MeshGlobalRateLimit Policy (beta)

This feature is released as beta and should not be depended upon in a production environment.

This policy adds Global Rate Limit support for Kong Mesh.

What is global rate limiting

Rate limiting is a mechanism used to control the number of requests received by a service in a time unit. For example, you can limit your service to receive only 100 requests per second. Typical rate limit use cases include the following:

Protecting your service from DoS (Denial of Service) attack
Limiting your API usage
Controlling traffic throughput

All rate limit algorithms are based on some form of request counting. In Kong Mesh, there are two rate limiting mechanisms: local and global rate limit.
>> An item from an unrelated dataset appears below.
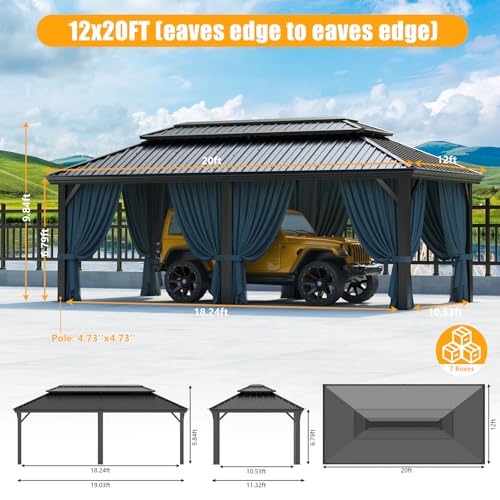 Hoteel 6x8ft Hardtop Grill Gazebo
Local rate limit is applied per service instance. Because of this, counters can be stored in memory and rate limit decisions can be made instantaneously. Local rate limiting should be enough in most cases (for example, DoS protection and controlling traffic throughput). You can find more information about local rate limit and how to configure it in MeshRateLimit docs.

There are some cases when local rate limit won’t solve your problems. For example, you may want to limit the number of requests that non-paying users can make to your public API. To do that, you must coordinate request counting between service instances, which the global rate limit can help you with. Global rate limit moves counters from data plane proxy to distributed cache. Because of this, you can configure longer time units (like week, month, or year) which will be immune to your service restarts.

How Global Rate limit works

Global rate limiting is a more complex than local rate limit. It needs an additional service that will manage the global counters.

Architecture overview

Figure 1: Diagram of how the global rate limit interacts with two services (Service A and Service B), , and Redis.

Global rate limit adds two components to your Kong Mesh deployment. You need the ratelimit service that will manage your counters and highly available in-memory data store where you will store your counters. Kong Mesh uses Redis for this.

Request flow

Let’s assume that we have configured rate limiting for Service B from our diagram. If any service/gateway makes requests to Service B, its data plane proxy will make a request to the ratelimit service to check if the request can be forwarded to Service B. The ratelimit service then checks if the counter for this service is below limits. If it is below limits, it updates the counter and allows the request to pass. If counters are above limits, deny response is returned.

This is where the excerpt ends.